Complete Monster: Chakravartin, the Big Bad of the entire story, is the nigh-omnipotent creator-god of Gaea and a smug, cold, uncaring sociopath who attempts to destroy and recreate the world constantly because he considers it beneath him to keep the planet's denizens safe from harm. To this end, Chakravartin's attempts to find an heir resulted in his creation of the monstrous Gohma that have destroyed so many innocent lives so he can test the resolve of the Gods. This also resulted in the Gods using humans as slaves and harvesting their souls and Mantra for their own powers. All the death and destruction in the game, over the course of over 10,000 years are all the fault of Chakravartin, solely so he could find someone else to do his job for him, and would kill and restart everything until he got the result he wanted. Despite trying to claim himself as well-intentioned, Chakravartin's claims are shown to be the hollow words of a cruel egomaniac, and once defied, the true monster he really is comes out.
Cult Classic: Slowly becoming one of these, due to relatively poor sales and mixed critical reaction.
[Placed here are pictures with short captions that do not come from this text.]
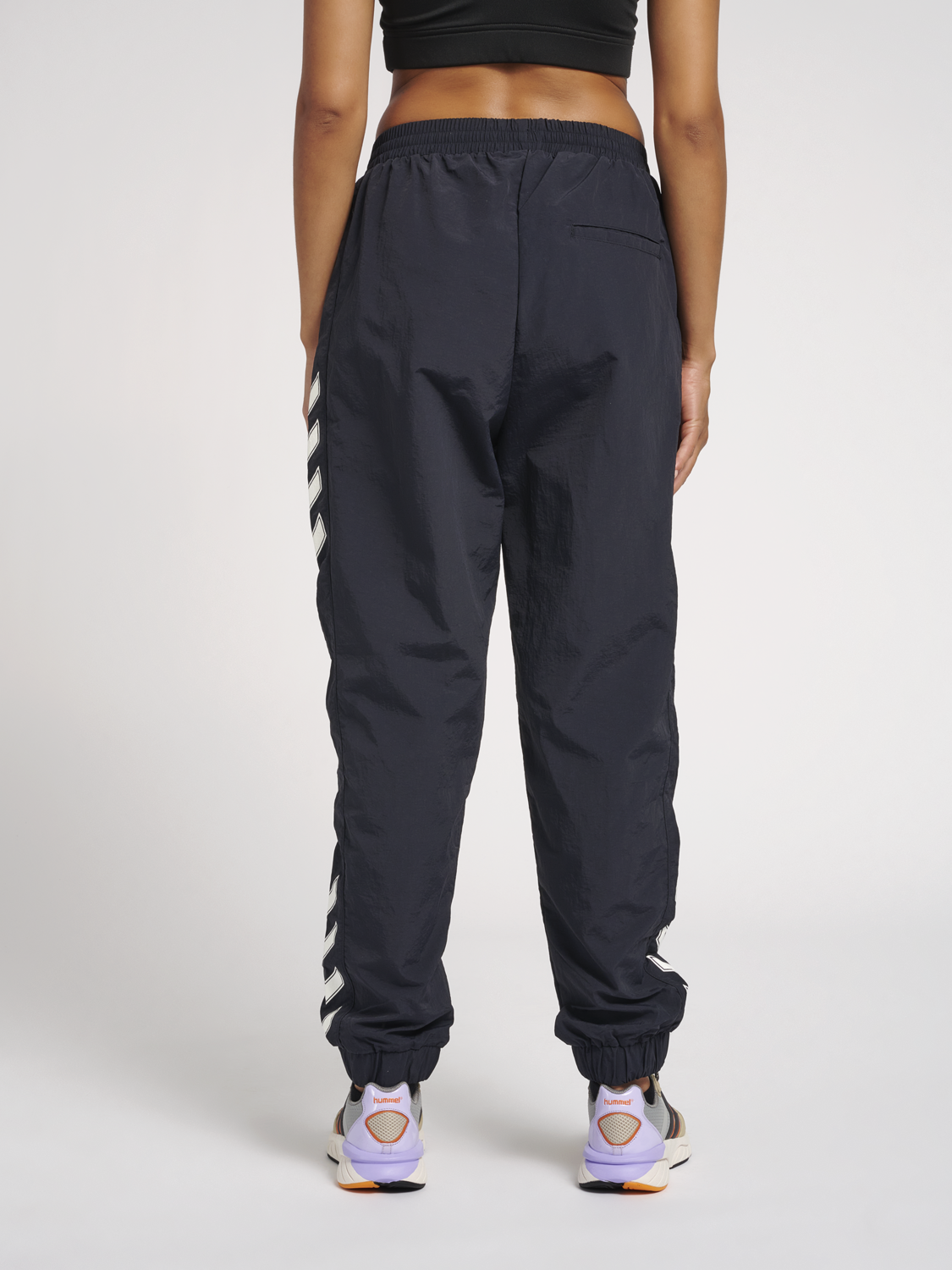 Hummel HMLNIKKI Women's Athletic Pants - Dark Navy Blue for Running, Yoga & Casual Wear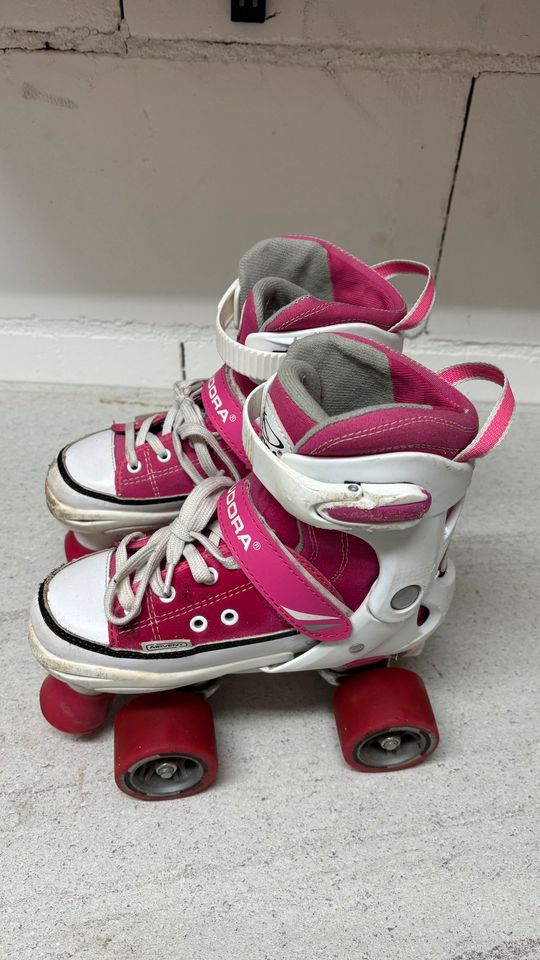 HUDORA Rollschuhe pink Gr. 32 - 35 in Schwaara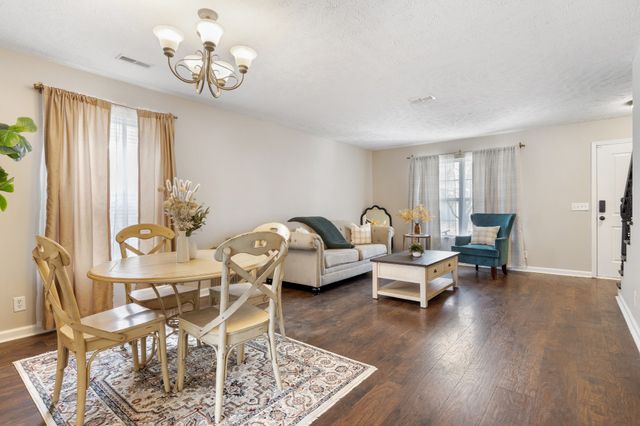 1022 Lexington Farms Dr, Spring Hill, TN 37174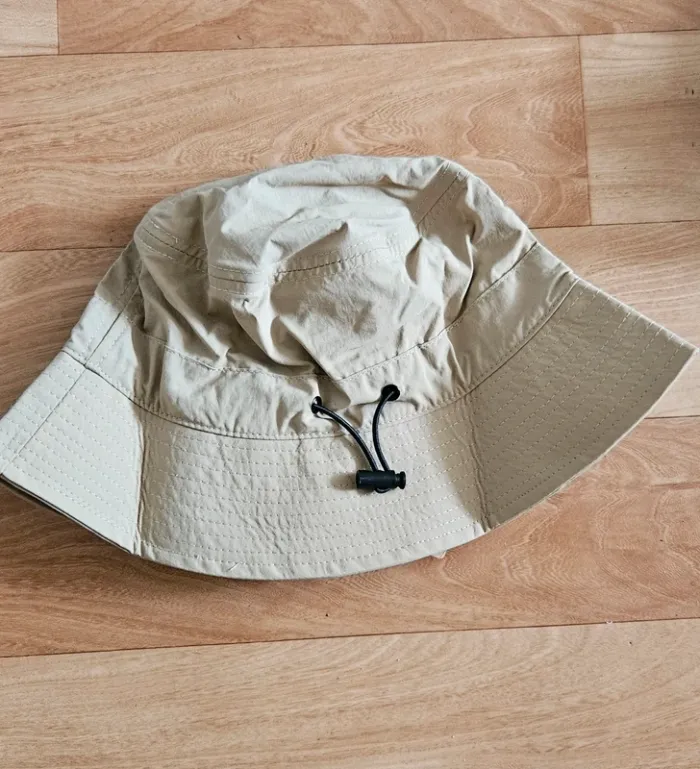 Bob The North Face beige - Taille unique - Neuf - photo numéro 2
Not unlike Ōkami, another Capcom-related game with poor sales that adapts a subset of Japanese and Chinese Mythology. To put this in perspective, Asura has been a Top Ranking pick for the next in the Marvel vs. Capcom games since his games debut, despite it not being very popular at the time.
Disappointing Last Level: The vanilla game has "True Episode 18", which is exactly the same as the original Episode 18, being the same episode with the original setpieces, gameplay, and boss fight, with nothing added except a Sequel Hook for the Part IV DLC. Averted with Part IV in question, however, which wraps up the story and gives the player one last unique, high-stakes fight, along with giving the QTEs more variety.
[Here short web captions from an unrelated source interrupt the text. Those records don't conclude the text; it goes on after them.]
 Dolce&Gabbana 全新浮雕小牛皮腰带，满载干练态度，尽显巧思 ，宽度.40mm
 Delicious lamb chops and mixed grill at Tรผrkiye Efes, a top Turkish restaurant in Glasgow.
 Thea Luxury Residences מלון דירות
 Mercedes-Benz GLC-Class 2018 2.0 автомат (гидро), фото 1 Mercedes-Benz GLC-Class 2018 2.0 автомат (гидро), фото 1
Enjoy The Story, Skip The Game: The game is perfectly aware that it is just a glorified cutscene. The gameplay is very simplistic and repetitive, but it isn't the main interest of the game, which is essentially an interactive Anime about an overly muscular six-armed god punching planet-sized monsters in space accompanied by Classical Music. Some of the game's DLC chapters are literally anime shorts with no gameplay more interactive than occasional Quick Time Events.
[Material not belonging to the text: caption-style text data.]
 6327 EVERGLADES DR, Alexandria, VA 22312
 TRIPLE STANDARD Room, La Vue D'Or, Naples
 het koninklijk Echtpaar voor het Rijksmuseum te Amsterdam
Ensemble Dark Horse: Augus is one of the most popular characters, and he dies halfway through the game.
Epileptic Trees: Some fans fresh off of Street Fighter X Tekken like to believe that this is where Ryu ended up after he was evaporated by Pandora. In addition, some also believe that Ryu ended up in none other than Smash Bros. after Akuma kicked him into the horizon, though this is usually treated like a joke.
Fan Nickname: The Awesome Button for the Burst button. This is because something awesome happens whenever you're prompted to press it.
Game-Breaker: The Obliterator Gauge. The Unlimited Gauge is always full, meaning Asura won't be taking any damage whatsoever, and can spam the heavy attack. For Yasha, he can be incredibly fast all the time. The only thing hindering it is that you have to press LT/L2 button to activate it (except on Easy), but it's not much of a problem.
It's also somewhat of a Bragging Rights Reward, as you need to complete all episodes with the life-reducing Mortal Gauge to unlock it.
Genius Bonus: The reason why the quick-time events feel geniunely impactful and awesome are because the prompts you’re meant to follow and/or mash repeatedly in time are due to each quick-time event corresponding to the buttons of your actions during the combat segments, thus enhancing the feeling that you are doing what Asura would be doing in a given situation, which not only makes the quick-time events more believable, but also averts Damn You, Muscle Memory! for players.
Deus was the leader of the Eight Guardian Generals fighting Vlitra and the Gohma, but believed Vlitra would one day be too powerful to stop. Assassinating The Emperor, Deus framed Asura while having his wife murdered and his daughter Mithra—who can channel and amplify Mantra—kidnapped. After killing Asura, Deus renamed the Generals "The Seven Deities" and created a worldwide cult with few dissenters that believed being killed by the Deities would lead their souls to Nirvana. In truth, the souls were gathered to power the Karma Fortress' Brahmastra to finally kill Vlitra. Trillions of souls were gathered over 12,000 years by the time Asura revived to eventually fight Deus and only by working with his brother-in-law Yasha are they able to beat him. With absolute conviction in his power and his ideals while hating being Emperor and what he has done, Deus is both one of Asura's smartest and most sympathetic foes.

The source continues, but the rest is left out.